In the book, the author, Robert Pirsig, compares two types of motorcycle riders. The first is the rider who knows very little about motorcycle maintenance, doesn't like to get his hands dirty, and has his bike serviced by professional mechanics. This rider loves the romance of motorcycle riding but not the grit behind it.
The other type of rider does his own maintenance and enjoys the "science" of motorcycle ownership. He is less concerned about the romance of riding and more in tune with its technical aspects. In today's parlance, we might call this type of rider a "gear head."
As Pirsig fleshes out these two rider types, he eventually arrives at the conclusion that a good rider--a holistic rider--is one who finds balance between the two extremes. That is to say, Pirsig's ideal rider is both in tune with the romance of riding and the technical aspects of the same. Of course, Zen and the Art of Motorcycle Maintenance is not really a book about motorcycle maintenance at all. It is an extended metaphor about life--a philosophical musing about what it takes to be successful and prosperous. Extremes are rarely the answer to fulfillment; rather, balance is almost always the key.

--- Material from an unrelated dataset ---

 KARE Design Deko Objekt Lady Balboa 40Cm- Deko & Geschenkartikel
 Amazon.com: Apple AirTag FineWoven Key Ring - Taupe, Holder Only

Such is the case in our lives of faith. In far too many churches around America, you find one of two extremes: congregations and pastors who are dishing out healthy doses of emotive worship based almost entirely on feelings of divine goodwill and caricatures of what God's love means OR churches where the pursuit of good scholarship, proper biblical exegesis, and theological precision are idolized. In the former, worshippers do not suffer the academician, and in the latter, the academician is practically deified. In the former, sermons are often devoid of strong theological or biblical foundation, and in the latter, there is little in the way of life application or emotional-spiritual stirring.
The irony is that neither style is effective as a paradigm of living faith. In the one, there is a romanticism about "motorcycle maintenance," but little technical skill. In the other, there is a great deal of technical expertise, but the heart is missing. However, when I read Scripture, I see a Christ who knew the Law of God--who knew what "right" faith looked like--but he also had a heart of compassion, joy, love, and, yes, romantic ideologies about what his disciples could do and the impacts they could make if they simply gave their lives to him. In other words, Jesus was the balanced motorcycle rider who called on his fellow riders to strive for the same balance in their lives.
What kind of faith rider are you? Have you achieved your zen (i.e., balance)? Naturally, we are all geared to prefer either the romantic or the technical side of faith. But the good rider works toward the middle...toward the ideal of holding a wrench in one hand and an olive branch in the other.